Leave out the images and output the records word for word.

[Captioned web image data]

↓↓↓

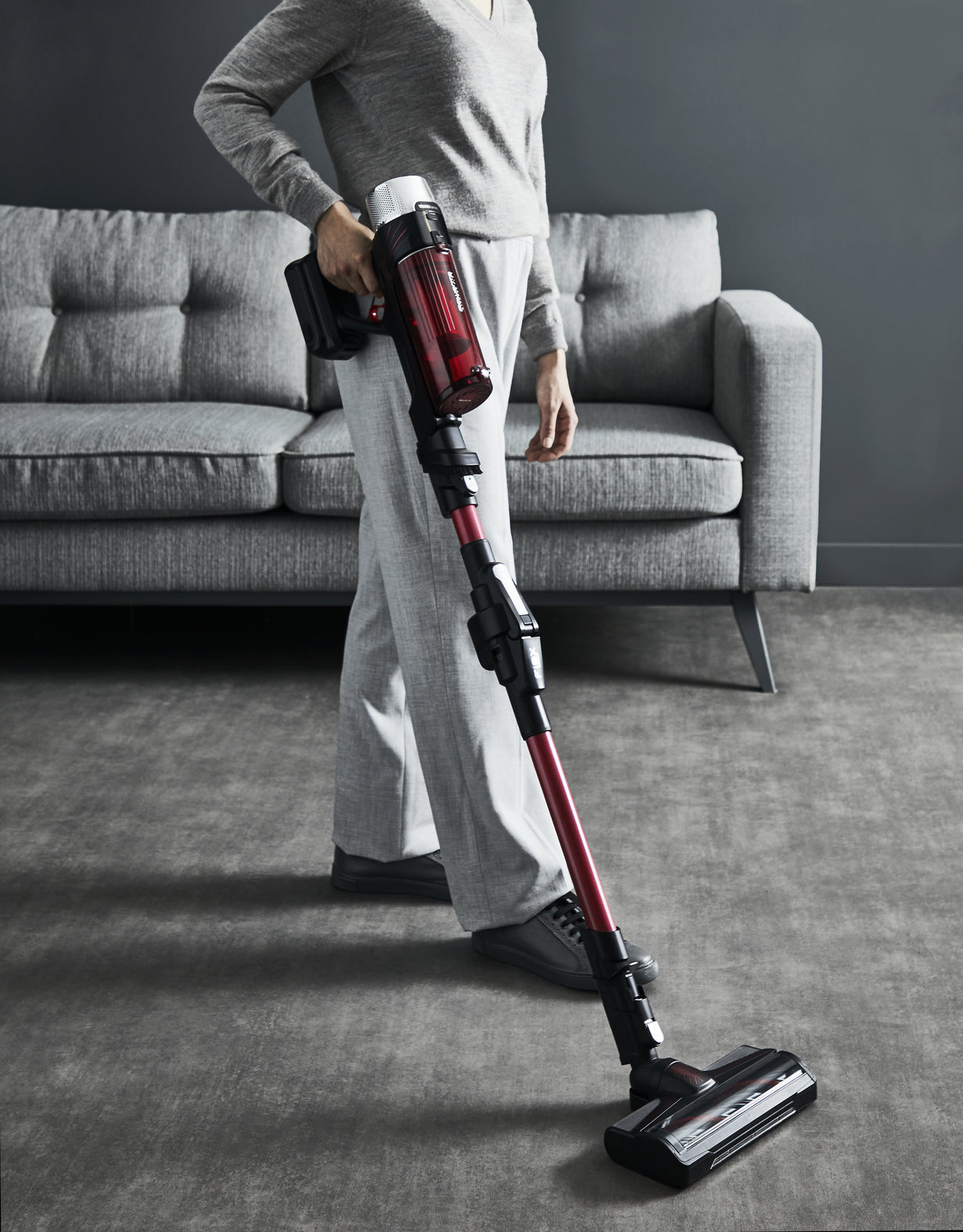 Rowenta RH2079 Aspirateur-balai 2 en 1 Batterie Sec Sans sac 0,4 L 250 W Noir, Rouge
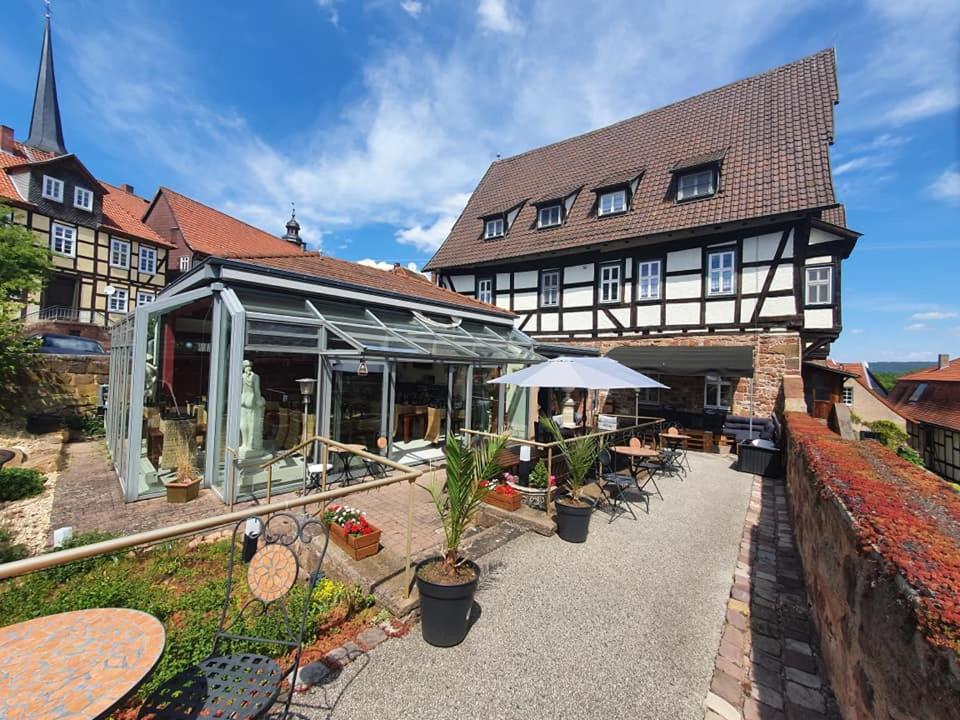 Hotel & Cafe Schachtenburg ชลิตซ์ ภายนอก รูปภาพ
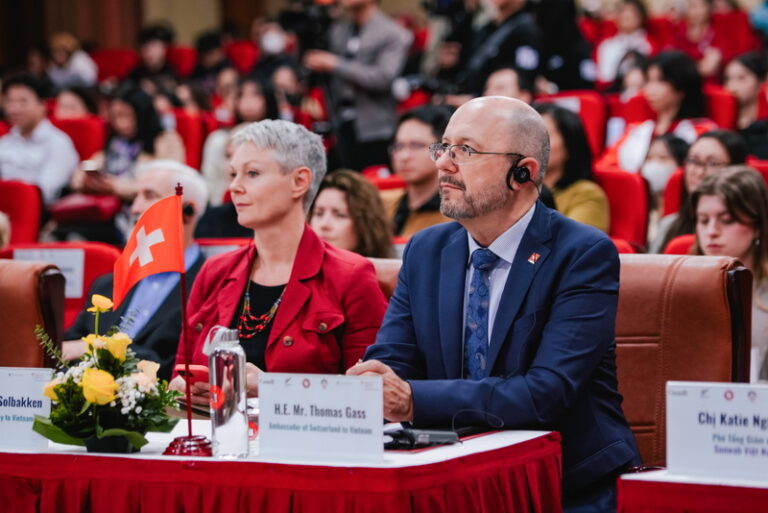 FOREIGN TRADE UNIVERSITY COLLABORATES WITH G4 EMBASSIES TO ORGANIZE A SHARING SESSION ON “SHE LEADS HERE” (WOMEN LEADERSHIP)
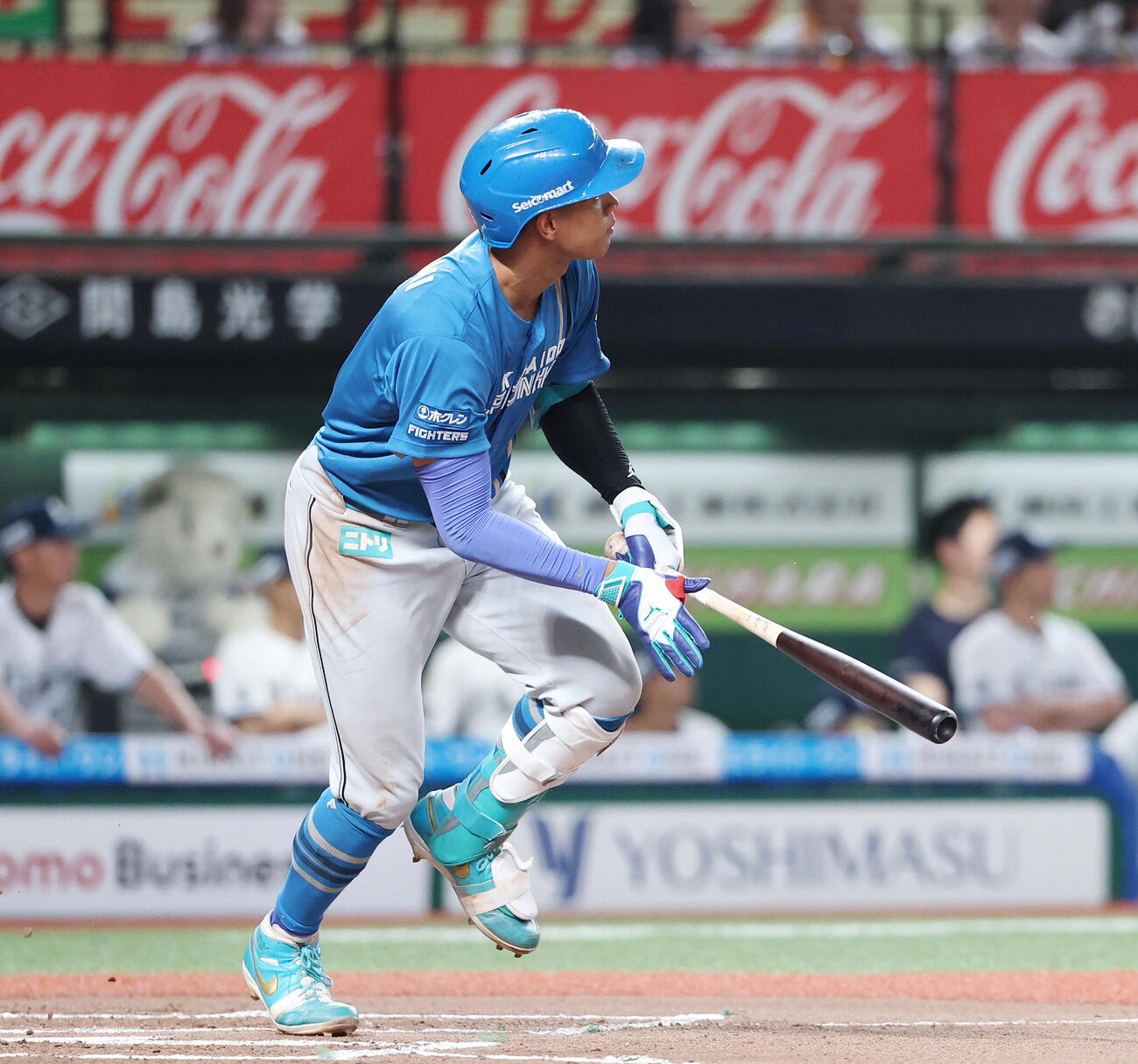 西武対日本ハム　6回表日本ハム無死一塁、通算100号となる2点本塁打を放つ万波中正（撮影・宮地輝）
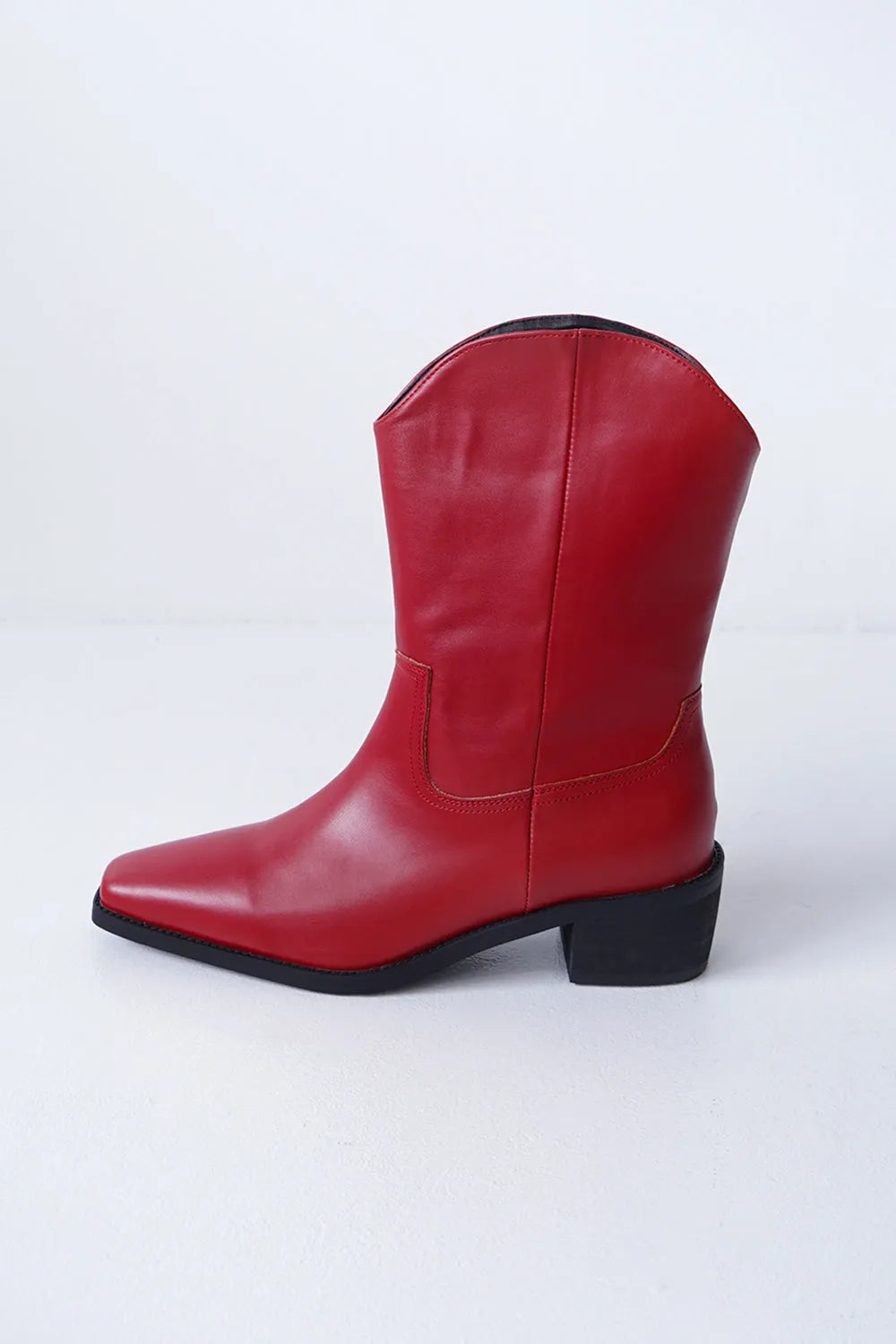 ウエスタンミドルブーツ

↑↑↑

### Your solution
 Rowenta RH2079 Aspirateur-balai 2 en 1 Batterie Sec Sans sac 0,4 L 250 W Noir, Rouge
 Hotel & Cafe Schachtenburg ชลิตซ์ ภายนอก รูปภาพ
 FOREIGN TRADE UNIVERSITY COLLABORATES WITH G4 EMBASSIES TO ORGANIZE A SHARING SESSION ON “SHE LEADS HERE” (WOMEN LEADERSHIP)
 西武対日本ハム　6回表日本ハム無死一塁、通算100号となる2点本塁打を放つ万波中正（撮影・宮地輝）
 ウエスタンミドルブーツ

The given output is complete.